#  >  > Travellers Tales in Thailand and Asia >  >  > Laos Forum >  >  > Laos Questions >  >  Laos rent a car

## fishlocker

Has anyone rented a car in Laos recently? If so from where and how much did you pay per day.

Was it a good experience or did it drive you crazy Ha Ha. 

My plan is to arrive in VTE and rent a 4x4 and make my way south to Pakse. Have I lost it or do you believe its a doable plan. I trust my driving more so than the rent a clown on meth drivers. I can control the speed and destination of the trip if I am at the wheel.

I found a place called Sixt and also Avis. Both come in at about 700usd per week. Any one dealt with either of them? 

We do want to explore the area so this seems like a good plan to us. if you have done this your feedback will be appreciated.

----------


## fishlocker

If I can make it out of VTE without knocking into too many scooters I know I'll be fine. We'll have family show us around VTE and surrounds. I'll learn the route out on 13 and head south. The plan is daytime driving only to minimize the chance of hitting an ox or three. Also the unlit bikes and those tractor wagons that are popular with the farmers. I have two of them somewhere in Laos but I'll be damned if we'll ride them off the farms. 

Rout 13 was good last time I was there and I heard the road to Kong Lor Cave was now paved. That's one place on the list this time around. 

Last time out I paid for a private van for the 10 hour trip. The guy drove like a mad man and I nearly, no I did, loose all my marbles a quarter of the way into the trip. I had the front seat  and had to keep telling my GF to tell this guy to slow the f ck down. He was obviously as def as he was dumb. He kept his brights on at night and all oncoming traffic gave it right back to him. As I recall I had to take some of the duct tape out of my bag to partially cover the headlights as his low beams were shorted and kept blowing fuses so it was high beams or nothing. I found this out at a store we stopped at into the night. I swore I'd not do that again so I feel safer as the driver and will get something new to drive to avoid the bullshit and oxen.
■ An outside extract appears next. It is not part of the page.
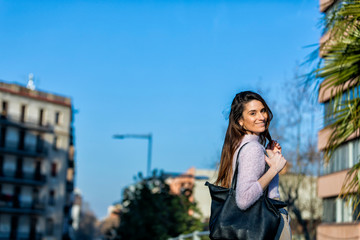Rear view of smiling beautiful young woman standing in the street while looking camera in a sunny day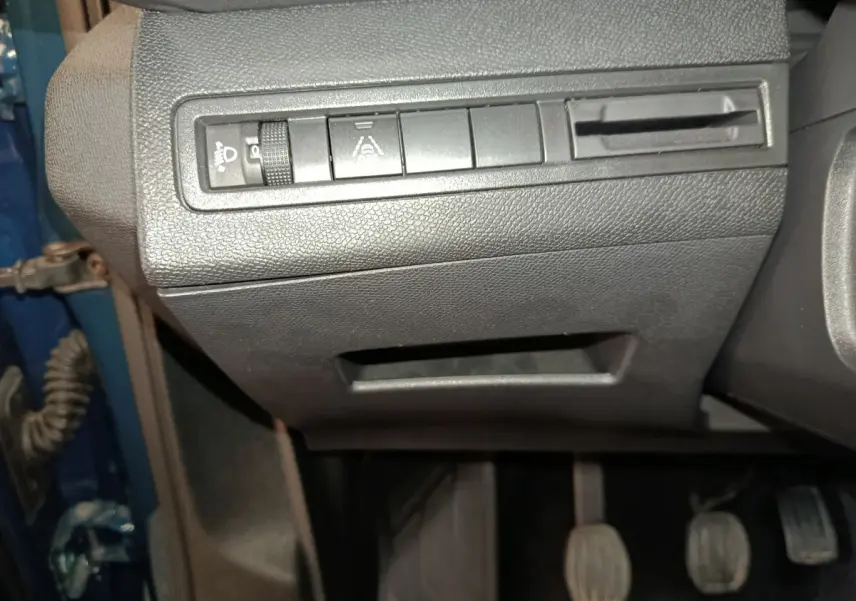 Gros plan sur les commandes sous le tableau de bord côté gauche d'un Peugeot 3008 bleu 2022.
And yes we almost rearended a truck that hit an ox. It was one of those little cab over pickups that has you inches behind the front bumper. The ox was half way into the cab in the middle of the road. The driver quickly swerved around him and kept on going without batting an eye. We may have been able to help those people be he just kept on going like a mad man. I guess If we get in an accident we can count on our bags being helped out but that's about it.

----------


## beerlaodrinker

Avis has 4 wheel drives, mostly ford Rangers , haven't hired one in years but when I used to, Avis was called Asia vehicle rental, it's still run by joe rumble but he sold out to Avis and just manages the business these days, shoot me a pm when you arrive and we will eat a couple of tilapia, washed down by beerlao, I think sixt only have little bubble cars

----------


## fishlocker

Thanks for the offer . It won't be for several months as we are waiting for winter for the get away.  I can finally prove to the little woman that I'm honestly not hooking up with Sophia when on this box. 

She has her suspicions as she fears all things Thai when it comes to hookers and lookers. I'm not exactly shure why she would think the fish would bite. I guess she sees I have the fish eye for eye candy when out in main stream. I guess she recalls what happed to her mountain neighbors to the east last time they trusted an American.  Not that we are all bad, just sayen. Ok I better watch what I'm saying before I end up at the temple drinking the implosion fluid.                    

Take care and if and when we meet don't let on that I'm really not a fish. I don't want to let the good TD members down like that. Besides I really could be................................................  the fish.

----------